Bomba relógio (por Maria Gabriela Curubeto Godoy)

Resgate em Canoas. (Foto: Bruna Ouriques/Prefeitura de Canoas)
Resgate em Canoas. (Foto: Bruna Ouriques/Prefeitura de Canoas)

Maria Gabriela Curubeto Godoy (*)

Há cerca de duas semanas, o Rio Grande do Sul tem sido devastado pelas enchentes. Respostas imediatas, de resgate de pessoas e animais ilhados e em risco de serem engolidos pelas águas foram acionadas, em um esforço coletivo e inesgotável da Defesa Civil, bombeiros, forças armadas, voluntários e tantos outros grupos. Desde Porto Alegre, helicópteros e mais helicópteros se sucedem no céu.

Pessoas resgatadas e evacuadas passaram a ser recebidas em espaços improvisados e rapidamente organizados, tornando a área metropolitana do Estado e tantas outras regiões em um enorme conglomerado de campos de refugiados climáticos. Em um afã solidário, espontâneo e voluntário pipocaram abrigos por todos os lados, vinculados a associações e centros comunitários, igrejas, escolas, universidades, e tantas outras entidades e instituições. Alguns grupos afeitos ao libertarianismo político e econômico logo se apropriaram  e passaram, oportunisticamente, a propagandear essas iniciativas a partir de lemas como “é povo pelo povo”. 

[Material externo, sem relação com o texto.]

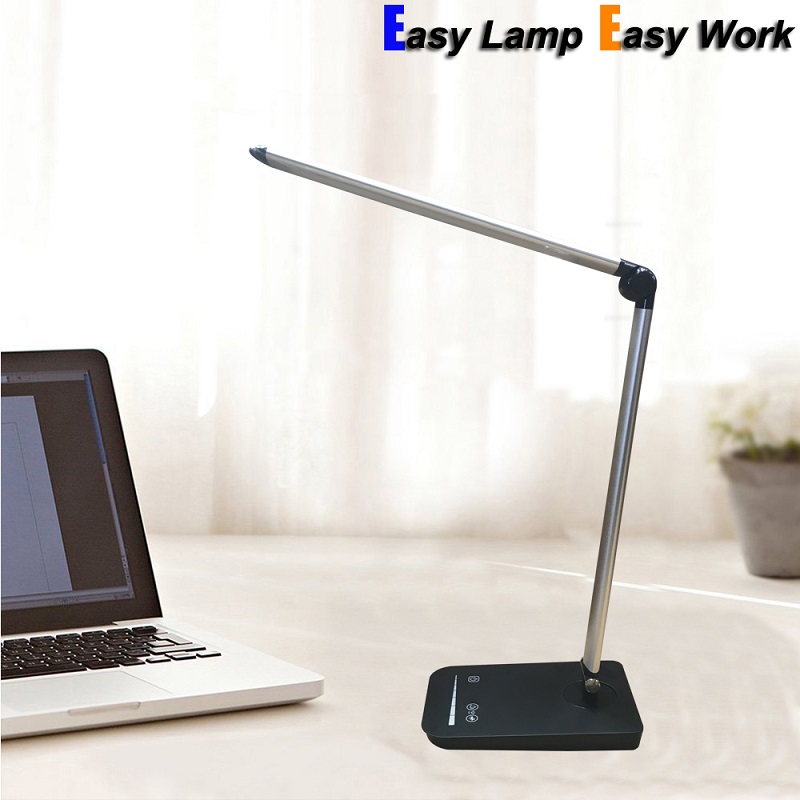582sc Leder Touch Dimmable Office Table Led Desk Lampa med batteri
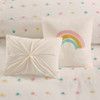 Colorful Pom Poms & Rainbow Cotton Duvet Cover Set AND Decorative Pillows (Callie Multi-Duv)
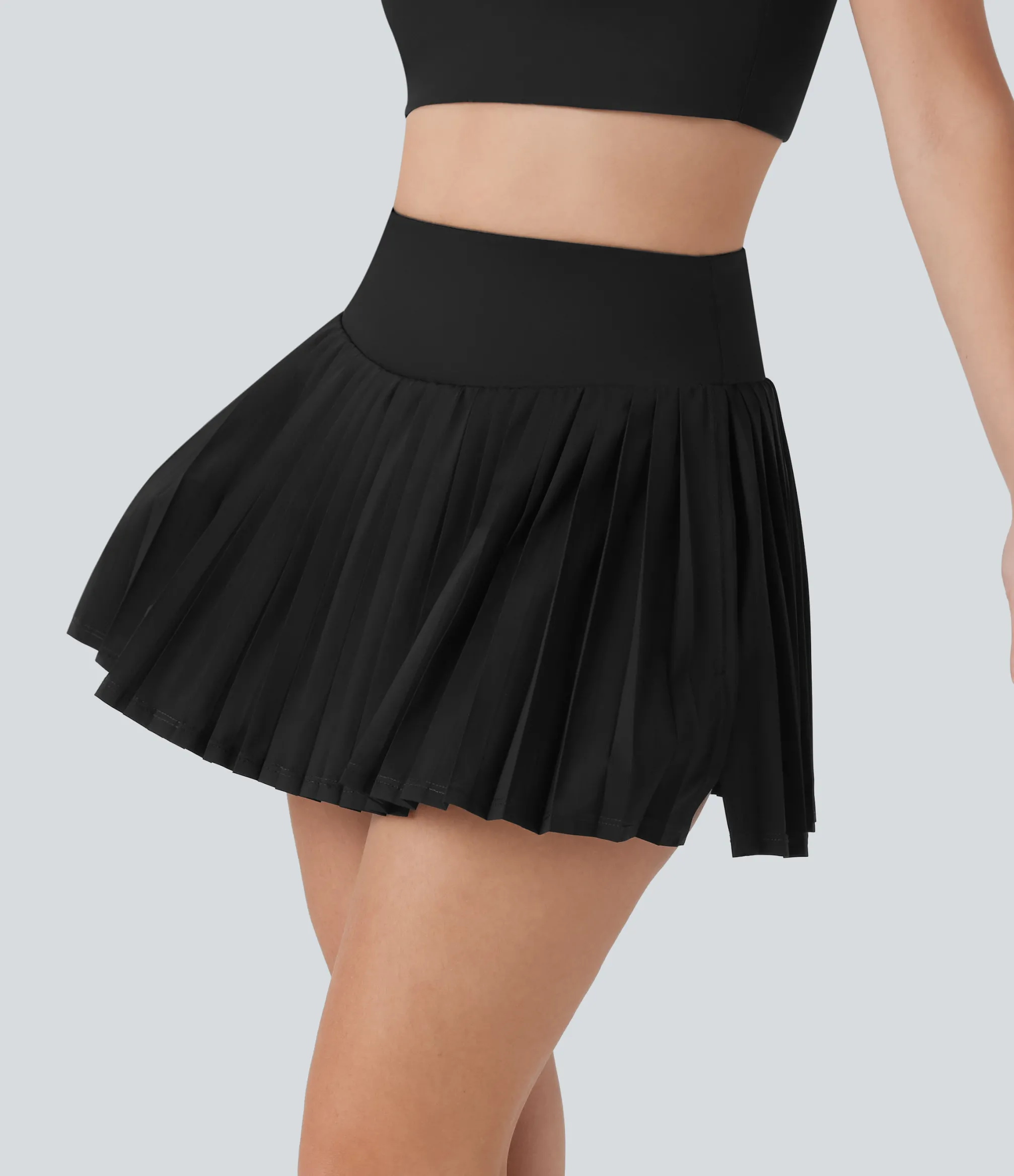Pleated Skirts|Active Skirts<HALARA High Waisted Pleated 2-in-1 Cool Touch Quick Dry Mini Tennis Skirt with Pockets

Mas, e o Estado? Que lugar lhe cabe ante tamanho desastre? “Vai depender da concepção de Estado”, responderão alguns prontamente. Concepções de Estado Mínimo, como as que vigoram nas atuais gestões governamentais do município de Porto Alegre e do Estado do Rio Grande do Sul, certamente têm dificuldades em lidar com a situação. E isso se torna evidente ao ver a dificuldade em coordenar o caos instalado. 

Tomando Porto Alegre como exemplo, observa-se a ausência da gestão em assumir coisas básicas, como “sim, os abrigos comunitários abertos por voluntários precisam ser corresponsabilidade junto com o município”. Isso não significa que o subdimensionado setor público estatal, desmantelado e empresariado nas últimas gestões governamentais, sobretudo em setores extremamente sensíveis na crise atual, como a assistência social e a saúde, tenha que assumir sozinho o atendimento direto ao caos. 

Mas é o Estado quem deve fazer o dimensionamento de necessidades; a sugestão de distribuição, localização e número de vagas de abrigos; a definição de diretrizes básicas  de funcionamento; a avaliação da necessidade ou não de equipes de saúde dentro do abrigo, usando critérios como número de vagas, acessibilidade a serviços de saúde no território, dimensionamento dos serviços de saúde próximos, e outros; a articulação do fluxo de doações e tantas outras coisas que não envolvem necessariamente a assistência direta, mas exigem assumir o comando da situação.  Algo que piora ainda mais em ano de eleição, quando a máquina administrativa para ou entra em ritmo lento.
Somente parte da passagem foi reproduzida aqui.